North Korea's Kim Jong Un. (KCNA/Xinhua via Zuma Press/TNS)
October 26, 2023

A group of unidentified North Koreans crossed the inter-Korean maritime border in a boat in the East Sea on Tuesday morning, marking the first case since 2019.

The four North Koreans traveled across the inter-Korean border in a small wooden vessel and initially expressed their intent to defect to South Korea when they were discovered by South Korea’s Coast Guard, government sources told The Korea Herald.

The initial assessment by the South Korean government suggests that the four individuals — one man and three women — are a family, The Korea Herald learned from a conversation with a government source.

The vessel was around 7.5 meters in length and weighed less than 5 tons, a typical configuration used by the North Korean military for various operations, including fishing. At the time of the discovery, the four people on board were unarmed and not wearing military uniforms.

The border crossing, however, has led to accusations of a failure of military surveillance in the maritime border area.

The South Korean military initially detected unusual activity on the northern side of the Northern Limit Line, the de facto maritime border in the East Sea, which included a search operation by the North Korean military, before 4 a.m. on Tuesday, senior officials from the Joint Chiefs of Staff said Tuesday on condition of anonymity.

Before 5 a.m., the South Korean Navy’s P-3 maritime surveillance aircraft and at least one vessel were dispatched near the NLL, but the military did not initially identify the North Korean vessel moving toward South Korea.

Subsequently, the South Korean Army’s ground-based radar system for maritime surveillance first detected the North Korean vessel at around 5:30 a.m. and continued tracking it. The Navy’s Thermal Observation Devices (TODs) later identified the vessel at approximately 6:30 a.m.

Before receiving the report from a South Korean fishing vessel, the South Korean military was unable to confirm that the unusual object it had tracked for over an hour was the same vessel.

The South Korean military was also unable to confirm the exact time the North Korean boat crossed the Northern Limit Line.

A South Korean fishing vessel, operating about 11 kilometers off the eastern coast of the city of Sokcho, Gangwon Province, initially spotted the North Korean boat at approximately 7:10 a.m. and reported it to the Coast Guard.

A Coast Guard patrol boat swiftly arrived at the scene, where they verified the presence of four North Koreans on board at around 8 a.m. The Coast Guard then handed the individuals over to the South Korean government’s joint investigation team.

The South Korean military secured the four North Koreans in coordination with the Coast Guard on Tuesday morning, according to the JCS.

JCS officials, however, denied claims that the military’s surveillance operation near the inter-Korean maritime border had failed.

Surveillance had detected the vessel moving diagonally toward Sokcho from the northeast.

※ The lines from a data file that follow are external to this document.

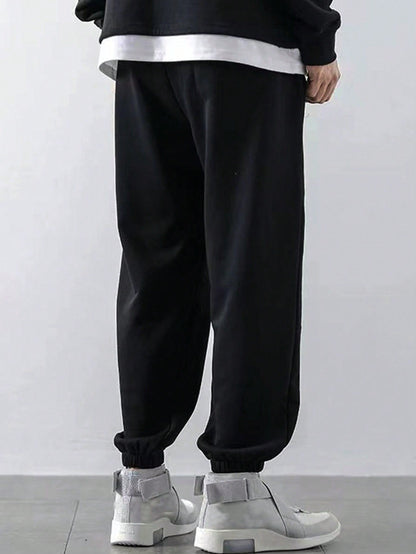 Pantalon de jogging ROMWE Grunge Punk pour homme avec imprimé tête de mort et texte à cordon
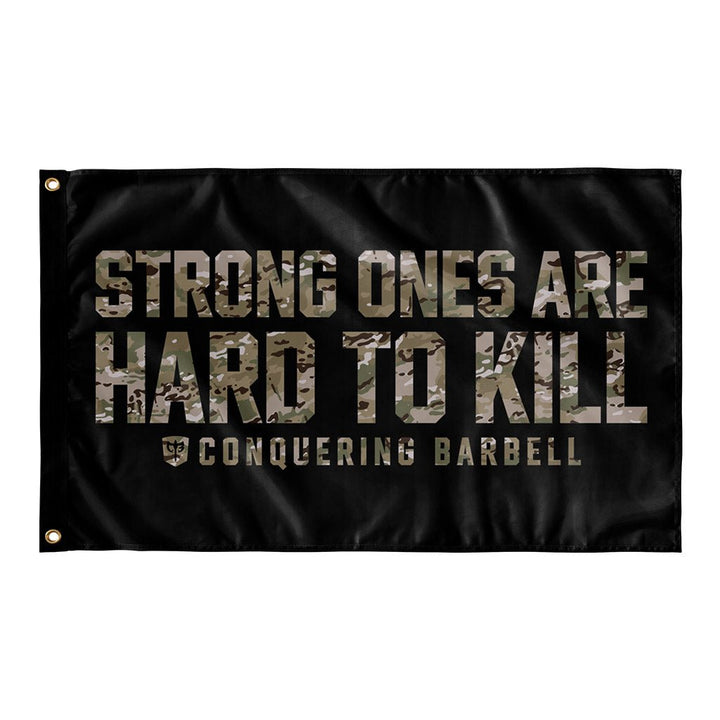 Strong Ones are Hard to Kill - Multi Camo - Polyester Flag, horizontal gym flag hanging in a home gym - Conquering Barbell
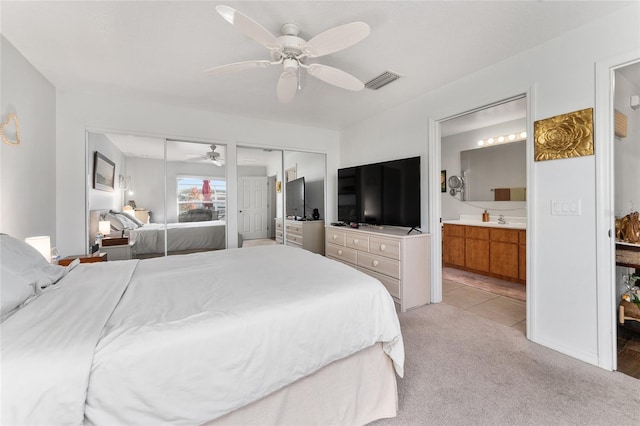 carpeted bedroom featuring ensuite bath, ceiling fan, sink, and multiple closets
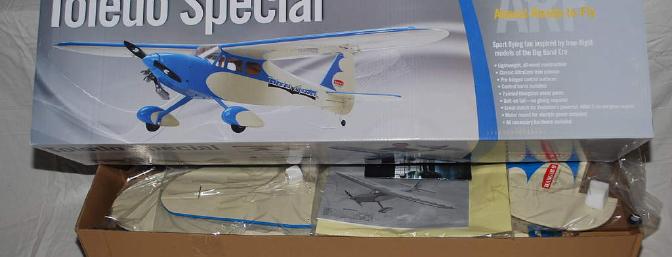 The colorful box contains a beautiful model covered in cream and blue.
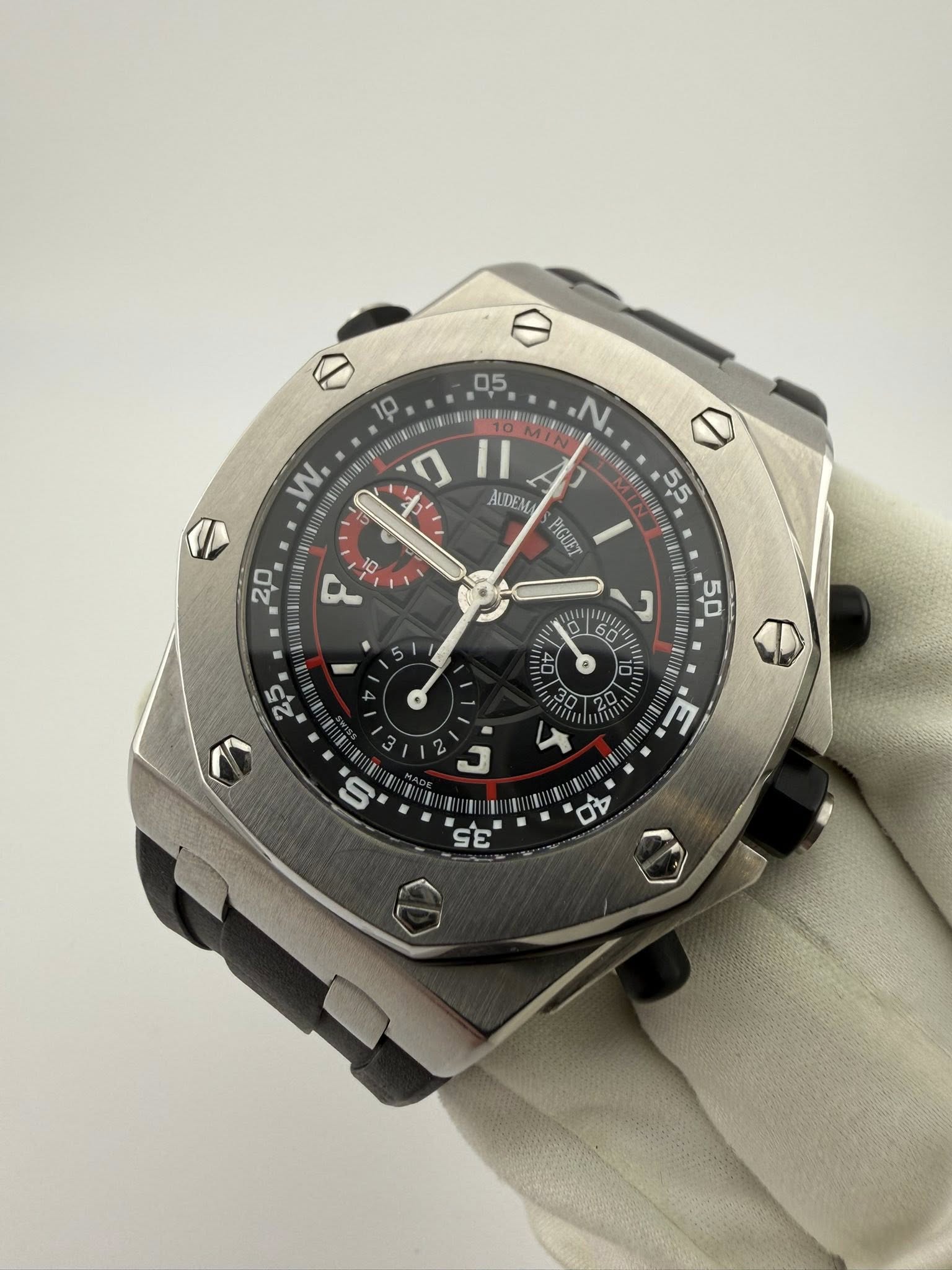 May be an image of wrist watch and text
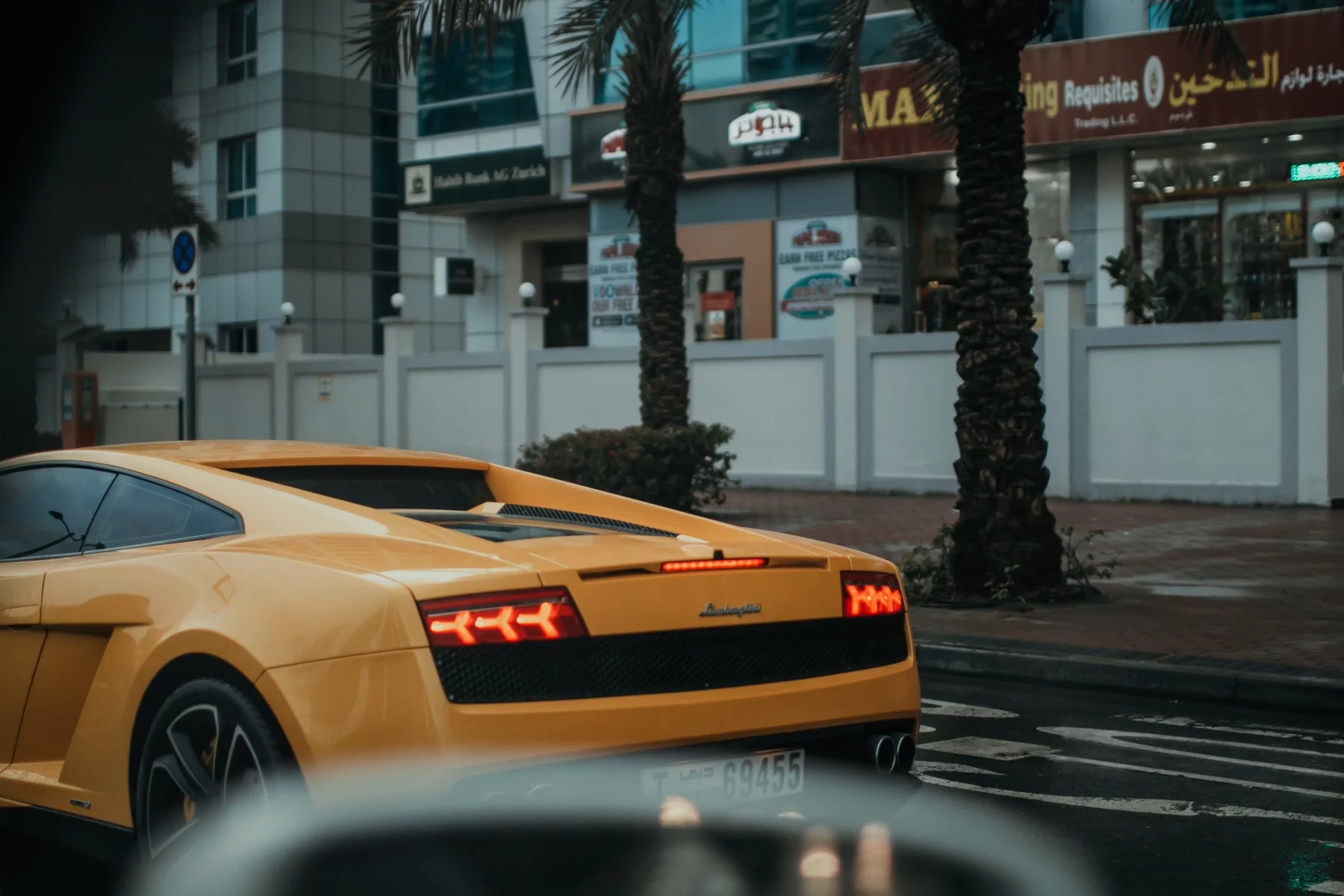 Expensive-looking Lamborghini sports car driving in the streets of the UAE.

The JCS officials pointed out that the vessel’s route was similar to other South Korean vessels operating in the area.

“There are hundreds of fishing vessels out there. So, with constant comings and goings, there are established routes near the ports. However, beyond those areas, they maneuver freely for their fishing operations. So, it’s challenging to consider the movement (of the North Korean vessel) as an extraordinary situation; rather, it is more of a common practice,” one unnamed official said during a closed-door briefing.

“These situations occur with notable frequency, and when the Coast Guard and Navy must respond every time, it becomes an unmanageable circumstance from my point of view.”

However, the vessel is assumed to have originated in North Korea, intentionally traveled toward the far eastern region, crossed the inter-Korean border, and then proceeded to a South Korean port from the far northeastern area — potentially to evade South Korean monitoring.

The four North Koreans are currently subject to a joint government investigation aimed at understanding the motives behind their defection and assessing whether their desire to escape North Korea is genuine.

This is the first East Sea border crossing by North Koreans to evade surveillance since June 2019, according to the military.

During that incident, a North Korean fishing vessel, carrying four individuals, successfully docked at the port in Samcheok, Gangwon Province, catching the South Korean military off guard, and was only discovered after a civilian reported the border crossing to the police.